/jormungandr

A prototype-like object system based entirely on functions.

Primary LanguageClojure

jormungandr

A prototype-like object system based on functions.

Motivation

Nothing practical really. I just figured that since people have already built functional programming on top of OO (e.g. Clojure), I might as well build OO on top of FP.

Why a prototype-like OO system? I believe those are the only true object systems, since there are only objects and no classes.

That said, in jormungandr you don't do prototype inheritance by setting a "proto" attribute or something like that. Being functional in nature, objects are immutable, so you inherit by simply modifying objects and working with the new copies.

Usage

To get it, add this to your leiningen dependencies [jormungandr "0.1.0"]

To use the library, add this to your code: (use jormungandr). Don't worry about the symbols being interned. There are only 2: object, a function; and ->1, a macro.

This is object's signature: (object [& [attrs methods]]) You can create new objects by passing this function a map of attributes and a map of methods. Method names should be keywords, but they can really be anything. The functions mapped to them must always take the object itself as their first argument.

You invoke methods like this: (some-object :some-method arg1 arg2 ... argN)

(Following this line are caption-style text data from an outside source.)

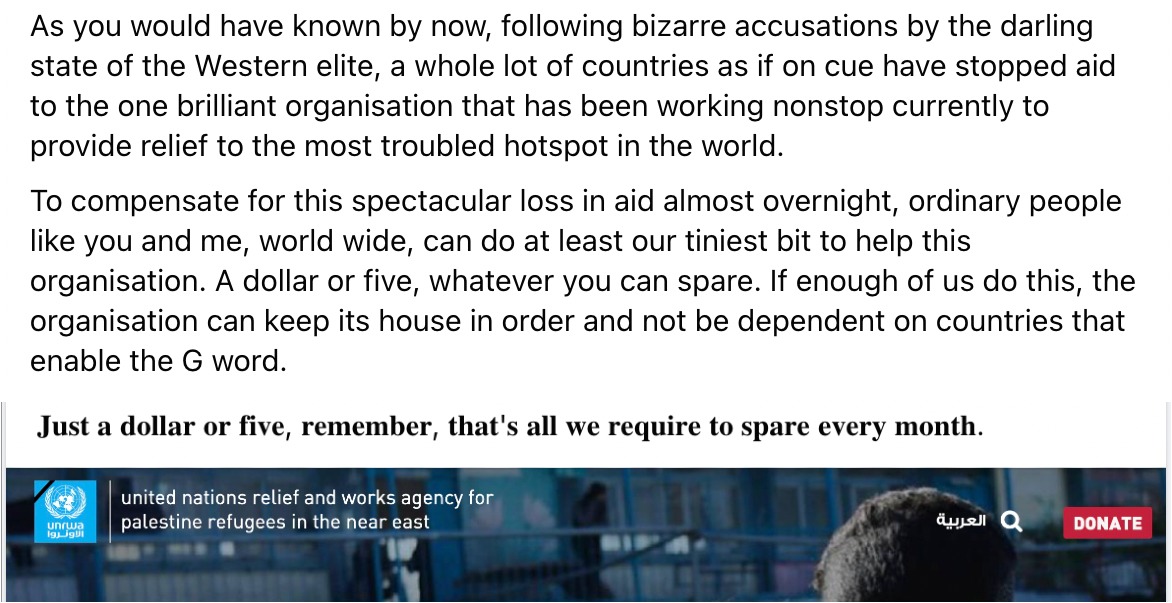 We are the World &amp; We Can Fund the #UNRWA. 1 dollar or 5, whatever you can spare. Do donate since the century's most shameless genocide is not ending anytime soon. unrwa.org/content/%E2%80…
<a href="/orko_basu/">Orko Basu</a> <a href="/vandanajoshi/">Vandana Joshi</a> <a href="/iramsubramanian/">Ram Subramanian</a> <a href="/Ram_Guha/">Ramachandra Guha</a> <a href="/nramind/">N. Ram</a> <a href="/MahuaMoitra/">Mahua Moitra</a> <a href="/pbmehta/">Pratap Bhanu Mehta</a> <a href="/ranjona/">ranjona banerji 🇮🇳</a>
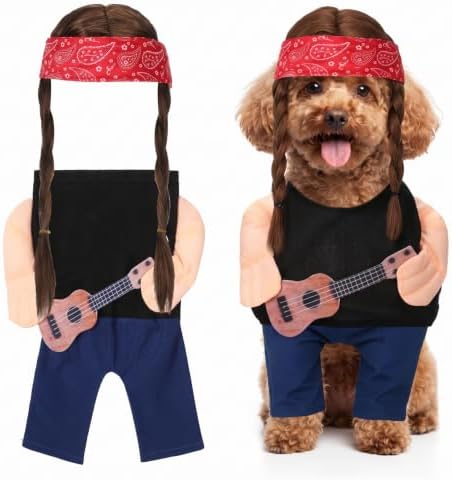 Huhumy Halloween Country Singer Dog Costume Guitar Wig Bandana for Dog, Xs by Huhumy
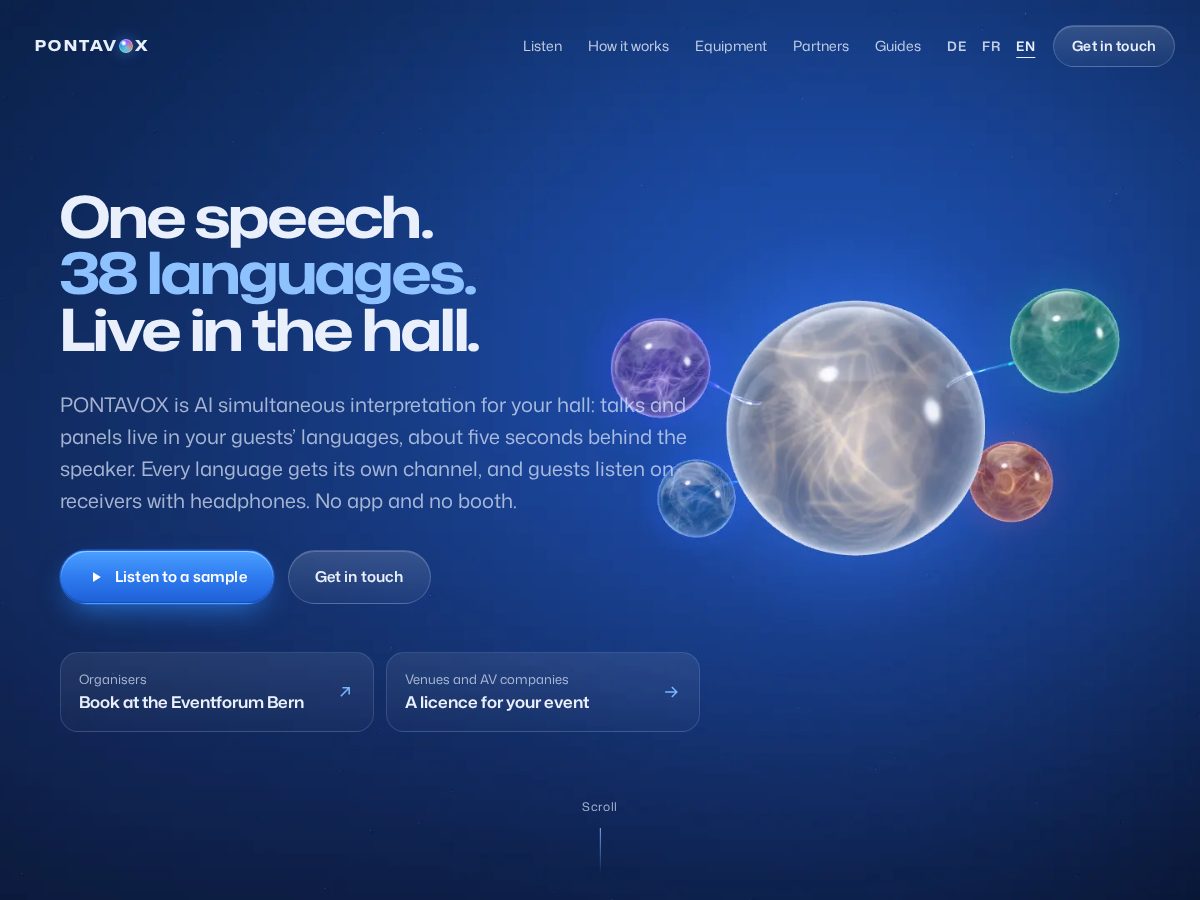 Landing-page snapshot of pontavox.com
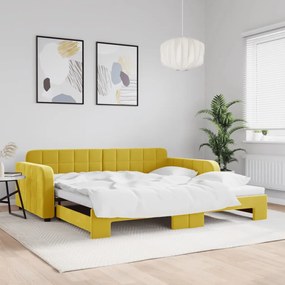 vidaXL Sofá-cama com gavetão 100x200 cm veludo amarelo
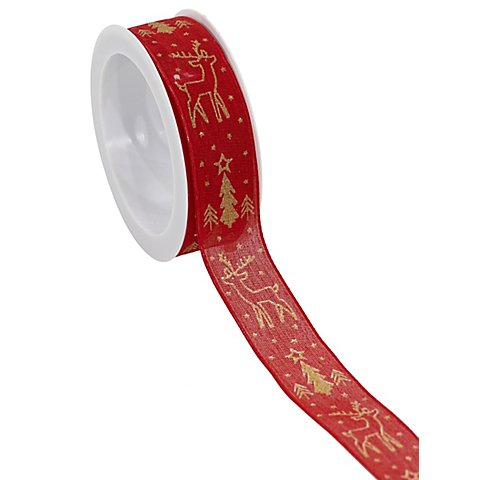 Stoffband "Rentier/Tannenbaum", rot-gold, 25 mm, 5 m von buttinette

Objects come with various basic operations by default. You invoke them just like you would a method. These are the operations and their signatures:

(obj :$get k)                 ;; Basic getter.
(obj :$set k v)               ;; Basic setter.
(obj :$unset k)               ;; Basic unsetter (the equivalent to Clojure's dissoc).
(obj :$has? k)                ;; The equivalent to Clojure's contains?.
(obj :$attrs)                 ;; Gives you a list of attributes.
(obj :$recall method)         ;; Given a method's name, returns the associated function.
(obj :$learn method function) ;; Adds a new method.
(obj :$forget method)         ;; Removes old method definitions.
(obj :$knows? method)         ;; Like :$has?, but for methods.
(obj :$knowledge)             ;; Like :$attrs, but for methods.

The ->1 macro is like the -> macro we're all familiar with, except that it puts the items at the head of the list, and not at the 2nd position. That way you can chain method and operation calls easily.

Examples

Simple stuff I came with just minutes ago...

(def foo (object {:name "Mr. Foo", :age 20}))
(foo :$get :name)

(foo :throw-fancy-exception!) ;; Calling unknown method causes exceptions to be thrown.
	
(->1 foo
     (:$set :age 30)
     (:$get :age))

(->1 foo
     (:$learn :->string (fn [self] (str (self :$get :name) " " (self :$get :age))))
     :->string)

(->1 foo
     (:$learn :->map (fn [self]
                       (let [attrs (self :$attrs)]
                         (apply hash-map
                                (interleave attrs
                                            (map (partial self :$get)
                                                 attrs))))))
     :->map)

License

Copyright © 2013 Eduardo Julián eduardoejp@gmail.com

Distributed under the Eclipse Public License, the same as Clojure.